As the world’s leading consumer of energy, and facing deteriorating environmental conditions, China plans a massive promotion of alternative energy over fossil fuel dependence in its newest five-year plan. At the end of 2015, alternative energies, including solar, wind, biofuel and hydropower, is expected to account for 30% of total generation capacity.But while attention has been focused towards new energy sources, cogeneration, a traditional and more technically mature way of energy saving, is being neglected. In contrast with new energy, where lack of scalability presents a major obstacle to profit, cogeneration can offer significant efficiency gains at existing fossil fuel power plants.

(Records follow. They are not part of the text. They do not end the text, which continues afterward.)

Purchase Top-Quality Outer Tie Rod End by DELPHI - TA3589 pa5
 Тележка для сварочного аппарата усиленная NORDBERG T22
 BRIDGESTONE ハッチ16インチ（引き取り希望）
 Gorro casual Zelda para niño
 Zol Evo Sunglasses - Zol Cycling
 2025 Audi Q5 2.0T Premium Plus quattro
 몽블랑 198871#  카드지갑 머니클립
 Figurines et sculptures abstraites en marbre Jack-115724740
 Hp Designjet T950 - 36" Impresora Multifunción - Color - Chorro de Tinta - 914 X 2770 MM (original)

China needs to find a way of meeting its emission targets and avoiding electricity shortages that inhibit growth. Over the next five years of economic development, could cogeneration provide an answer?
CHINA CHP OVERVIEW
Ever since Pearl Street station, the world’s first commercial cogeneration, or combined heat and power (CHP), plant was built by Thomas Edison in 1882, the world has seen the potential for efficiency increases through utilizing waste heat from conventional power production. China began to use cogeneration in the 1980s, when a central government policy that encouraged cogeneration in North China’s district heating plants was pronounced. The commercial development of CHP, starting in the late 1980s, quickly spread through China.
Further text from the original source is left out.